Kemp Stephen W P, Walsh Sarah K, Midha Rajiv
Department of Clinical Neuroscience, Faculty of Medicine, Hotchkiss Brain Institute, University of Calgary, Calgary, Alta, Canada.
Neurol Res. 2008 Dec;30(10):1030-8. doi: 10.1179/174313208X362505.
Despite the capacity for spontaneous axonal regeneration, recovery after severe peripheral nerve injury remains variable and often very poor. In addition, autologous nerve grafts, considered to be the 'gold standard' in nerve repair technique, are plagued by restricted donor tissue availability and donor site morbidity. Our primary objective is to highlight new and emerging methods of nerve repair, which have the potential to significantly improve both the functional and behavioral outcome after clinical nerve injury.
A critical analysis of nerve injury and regeneration literature concentrating on outcome measures from both immediate and chronically denervated experimental works was conducted.
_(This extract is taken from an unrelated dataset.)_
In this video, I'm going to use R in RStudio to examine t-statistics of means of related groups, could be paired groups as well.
Results of numerous works employing both growth factor and stem cell enhanced nerve guidance conduits have shown encouraging results. However, further research is needed to optimize guidance conduit dynamics, bioavailability and delivery of both growth factors and stem cells to enhance peripheral nerve regeneration and functional recovery.
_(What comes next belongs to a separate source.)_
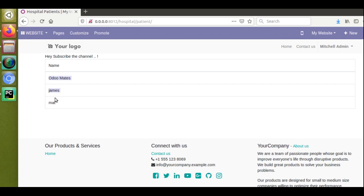@public means the route or the page can be accessed by anyone from the public. Once @user is given, only logged-in users in the system can access the page. If you try to access a @user route without logging in, you will be redirected to the login page.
This review discusses current animal and clinical growth factor and stem cell studies, specifically focusing on future bio-engineering approaches in developing a nerve guidance conduit in the future.
尽管存在轴突自发再生的能力,但严重周围神经损伤后的恢复情况仍存在差异,且往往非常不理想。此外,被视为神经修复技术“金标准”的自体神经移植,受到供体组织可用性受限和供体部位并发症的困扰。我们的主要目标是突出新出现的神经修复方法,这些方法有可能显著改善临床神经损伤后的功能和行为结果。
对神经损伤和再生文献进行了批判性分析,重点关注即时和长期去神经支配实验研究的结果指标。
众多使用生长因子和干细胞增强神经引导导管的研究结果令人鼓舞。然而,需要进一步研究以优化引导导管的动力学、生物利用度以及生长因子和干细胞的递送,以促进周围神经再生和功能恢复。
本综述讨论了当前的动物和临床生长因子及干细胞研究,特别关注未来开发神经引导导管的生物工程方法。